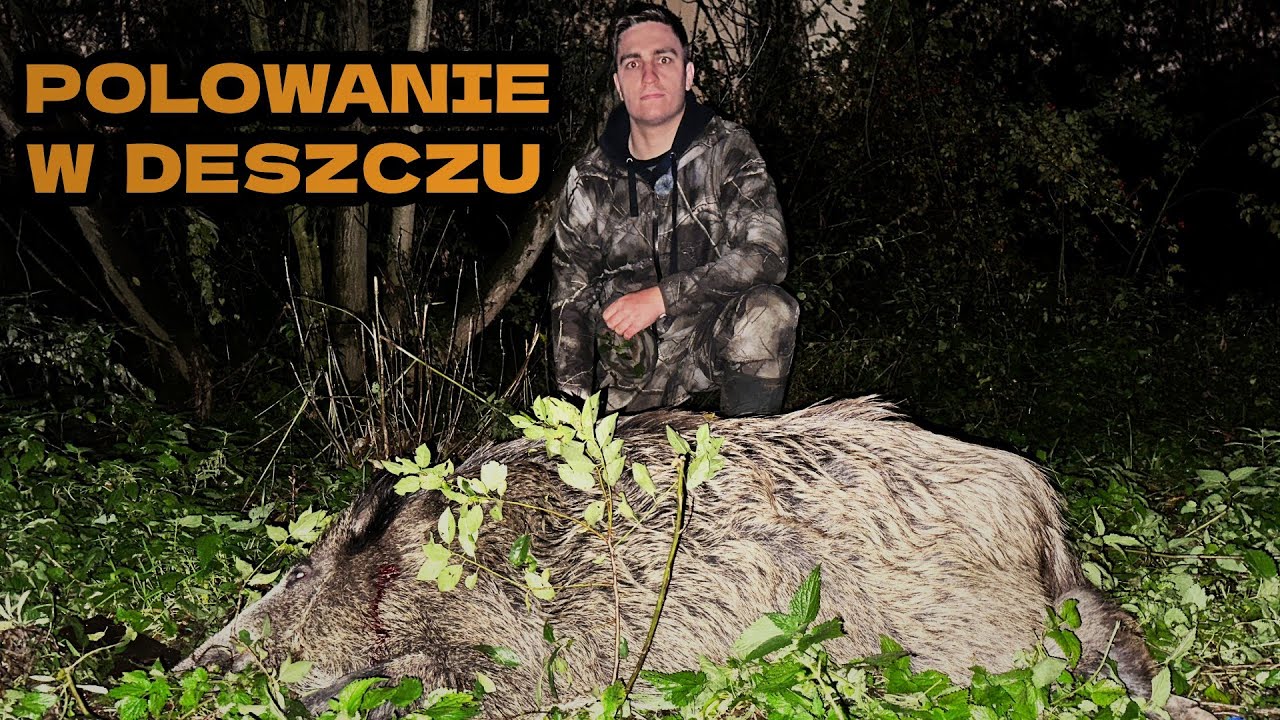 Gdy Noktowizja Zawodzi – Polowanie W Nocy Na Dziki I Lisy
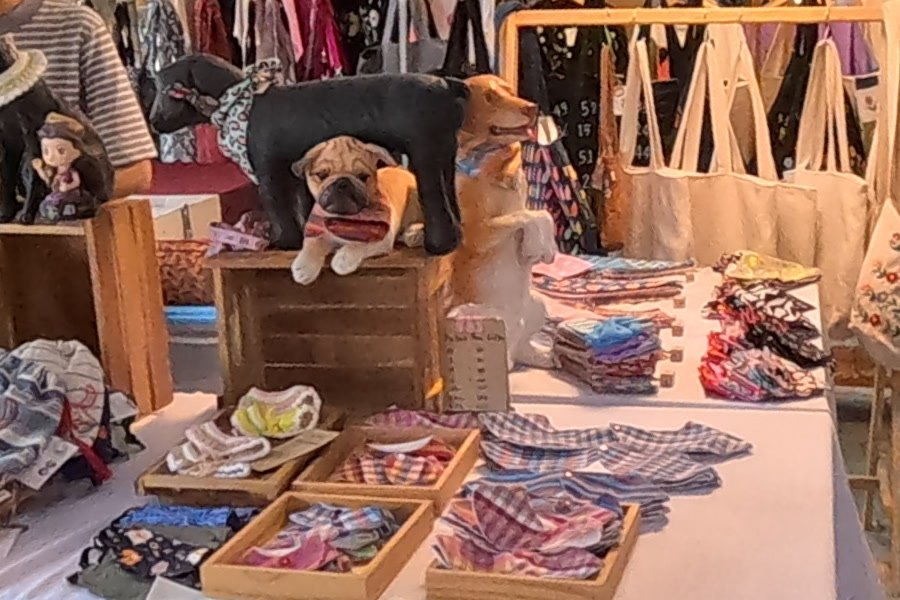 Dog bandanas and a pug in one — Chamcha Market, San Kamphaeng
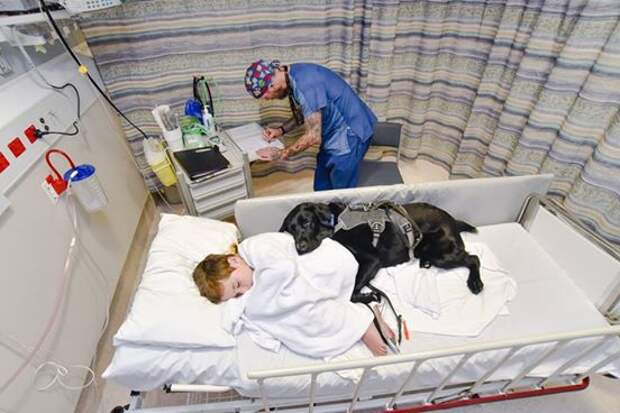 преданная собака легла в больницу вместе с хозяином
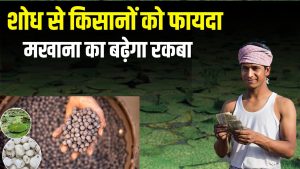 ‘कांटामुक्त’ होगी मखाना की फसल, खेती करना होगा आसान.. वैज्ञानिक कर रहे शोध
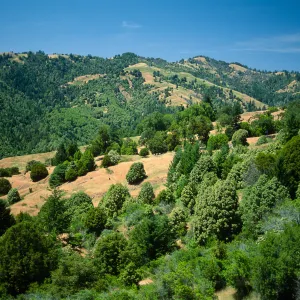 Mixed evergreen forest, Mattole River drainage, Humboldt County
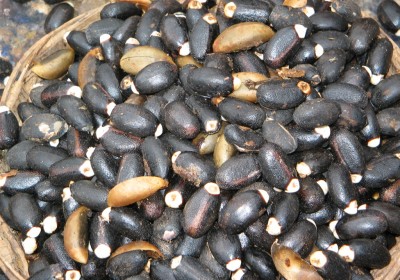 jatrophaseeds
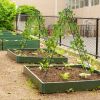 2 Pack 71 x 20 Inches Metal Garden Trellis Rustproof Plant Support for Climbing Plants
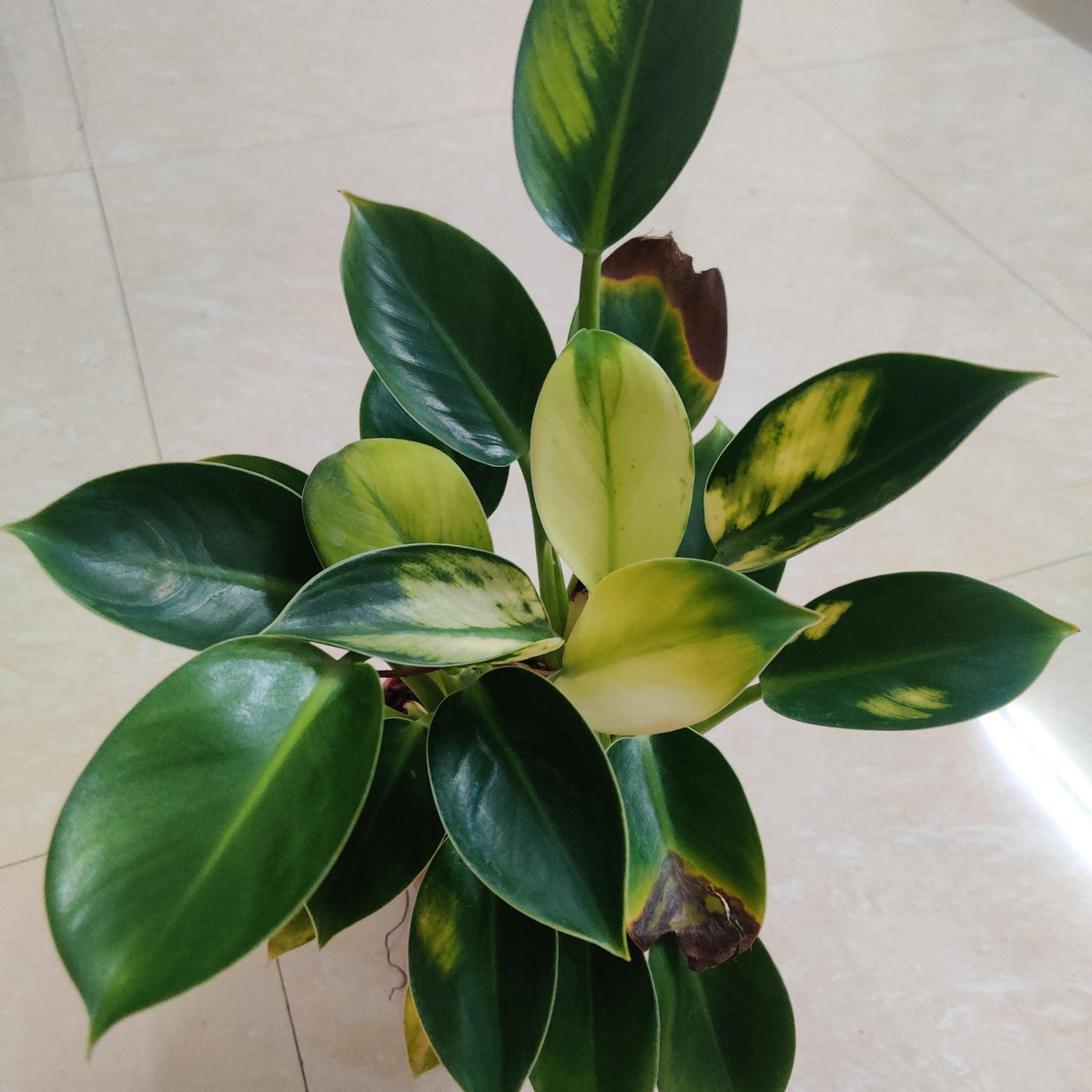 Philodendron White Knight - plant store® 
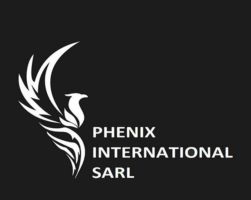 بازرگانی در حوزه کشورهای آفریقایی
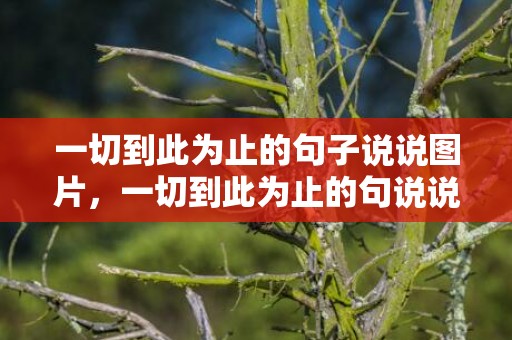 一切到此为止的句子说说图片，一切到此为止的句说说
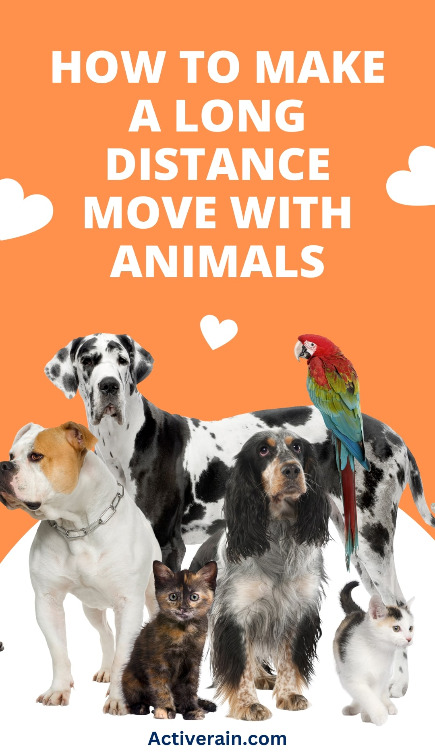 How Much Does Long-Distance Pet Transport Cost? activerain.com/droplet/HVws #RealEstate #Moving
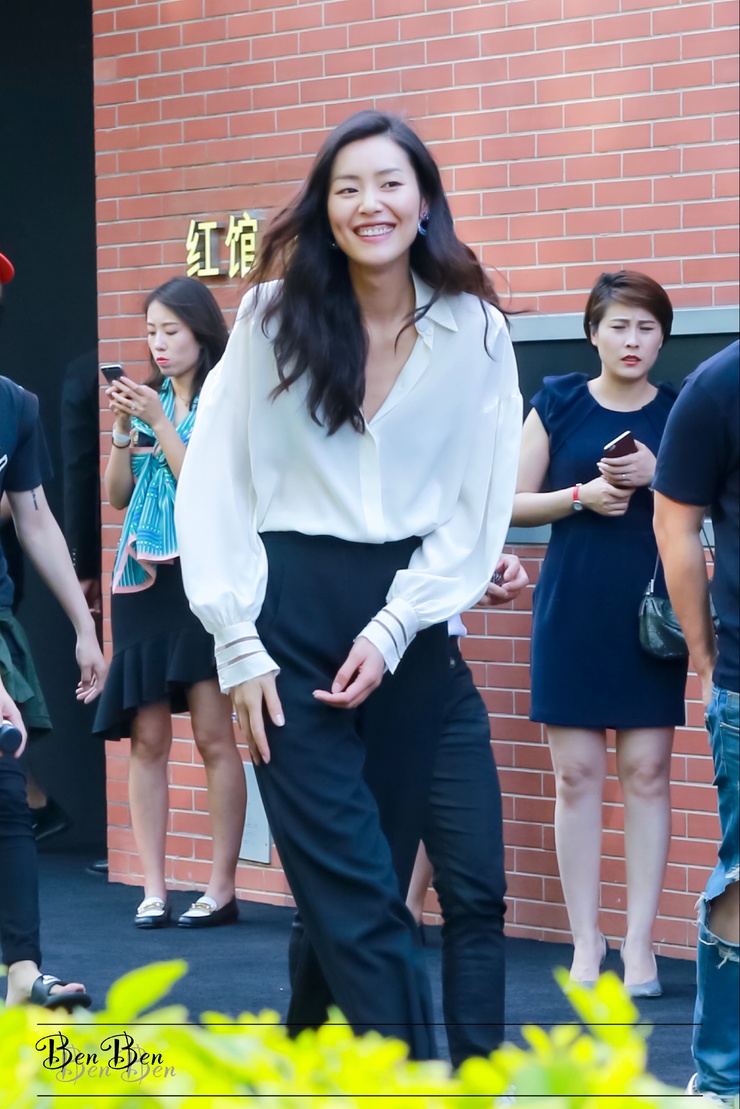 Liu Wen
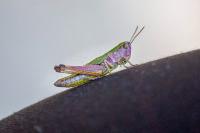 Pseudochorthippus parallelus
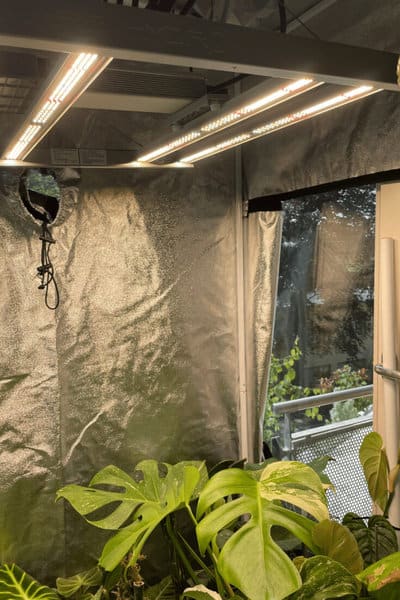 The FC3000 grow light is using a total of 896Samsung and Osram LEDs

The problem:
Reproduce the whole listing exactly, but not the images in it.

Task response:
 Gdy Noktowizja Zawodzi – Polowanie W Nocy Na Dziki I Lisy
 Dog bandanas and a pug in one — Chamcha Market, San Kamphaeng
 преданная собака легла в больницу вместе с хозяином
 ‘कांटामुक्त’ होगी मखाना की फसल, खेती करना होगा आसान.. वैज्ञानिक कर रहे शोध
 Mixed evergreen forest, Mattole River drainage, Humboldt County
 jatrophaseeds
 2 Pack 71 x 20 Inches Metal Garden Trellis Rustproof Plant Support for Climbing Plants
 Philodendron White Knight - plant store® 
 بازرگانی در حوزه کشورهای آفریقایی
 一切到此为止的句子说说图片，一切到此为止的句说说
 How Much Does Long-Distance Pet Transport Cost? activerain.com/droplet/HVws #RealEstate #Moving
 Liu Wen
 Pseudochorthippus parallelus
 The FC3000 grow light is using a total of 896Samsung and Osram LEDs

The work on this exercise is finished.